WORK TO BE COMPLETED => Restate word for word the entries below, starting at the line with "Canto Contigo: A" and ending at the line with "Cardinal Because Someone". Keep both end lines and omit the pictures.

DATA FOR PROCESSING =>
BEGIN
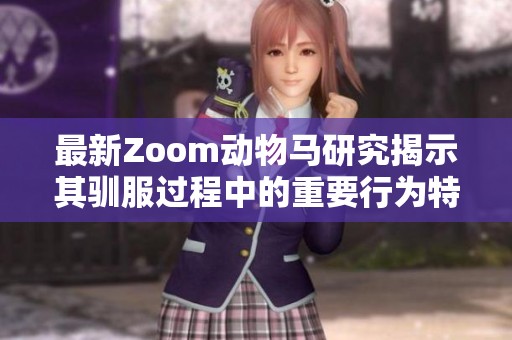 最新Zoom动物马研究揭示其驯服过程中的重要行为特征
END
BEGIN
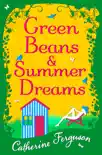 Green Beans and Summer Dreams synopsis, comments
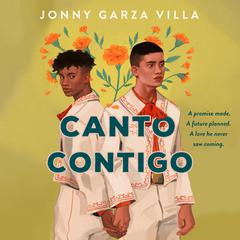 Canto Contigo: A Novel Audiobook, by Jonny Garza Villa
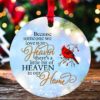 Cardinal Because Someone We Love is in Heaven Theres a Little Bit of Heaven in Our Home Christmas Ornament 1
END
RESULT FOR THIS TASK =>
 Canto Contigo: A Novel Audiobook, by Jonny Garza Villa
 Cardinal Because Someone We Love is in Heaven Theres a Little Bit of Heaven in Our Home Christmas Ornament 1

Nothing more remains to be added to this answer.